*Exercise details*
For the records below, copy exactly the span that begins at the line containing "Hello everyone, my" and stops after the line containing "A pop-up window", minus any pictures.

(Stored data entries)
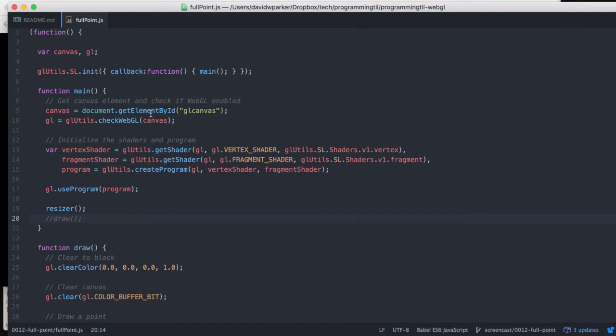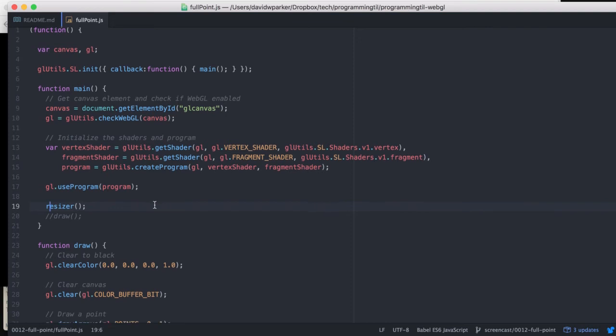So as before, we're using signals and all those other libraries, so we're going to just basically call back to the main function as before, grab our vertex and fragment shader and our program, use them, and then call our resize function.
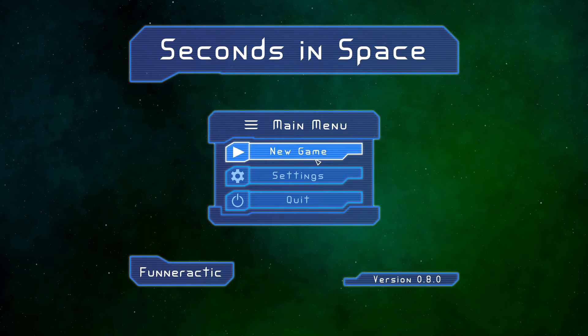Hello everyone, my name is Dave and I'm the developer of Seconds in Space. This is going to be a let's play video. If you're looking for how to play a video, I've made one and I'll link it in the description for you.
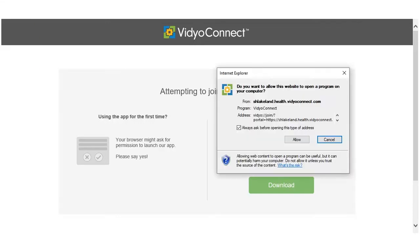A pop-up window may appear, asking you to allow the video app to launch. To prevent this pop-up from appearing for future visits, remove the check mark from the pop-up and click Allow.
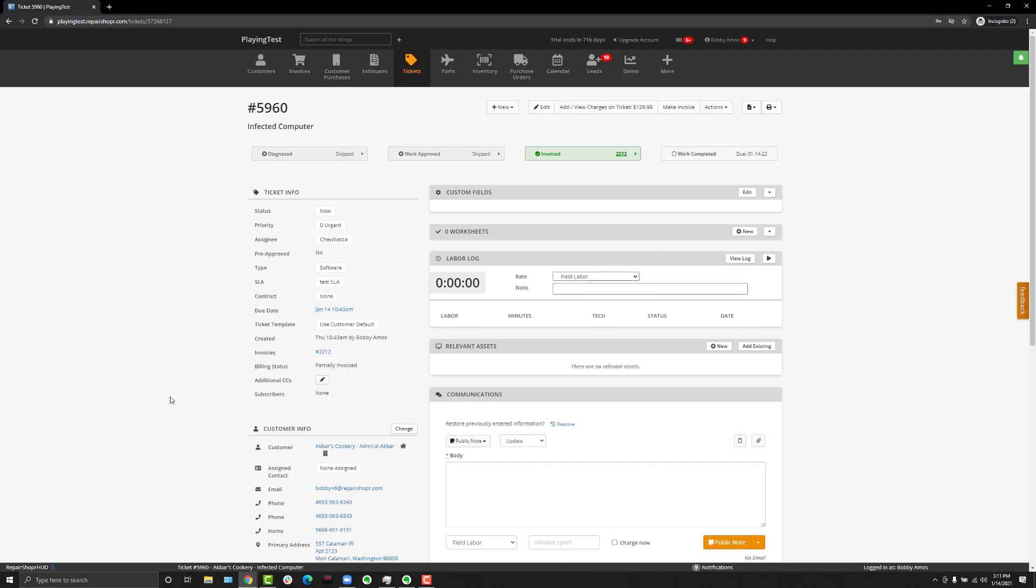Another change that comes along with this for those of you using recurring invoices is that the billing status will update if a ticket charge is added to a recurring invoice, which is something that we'd also been getting a lot of feedback around. You didn't really have a good way of knowing if the ticket had been invoiced or not.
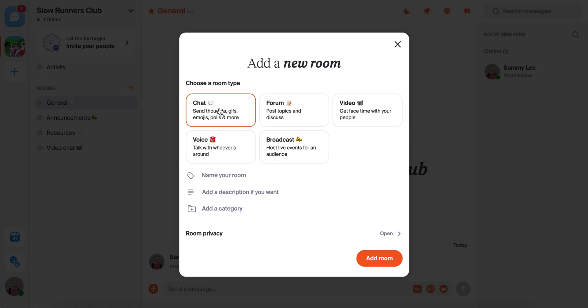Chat rooms are great for casual, everyday conversations. You can send and reply to messages, react with emojis, mention people, run polls, and more. Forum rooms work a little bit more like posting a Facebook group with a bit more structure than a chat room. These are great for things like announcements and longer form discussions.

*Your solution*
Hello everyone, my name is Dave and I'm the developer of Seconds in Space. This is going to be a let's play video. If you're looking for how to play a video, I've made one and I'll link it in the description for you.
A pop-up window may appear, asking you to allow the video app to launch. To prevent this pop-up from appearing for future visits, remove the check mark from the pop-up and click Allow.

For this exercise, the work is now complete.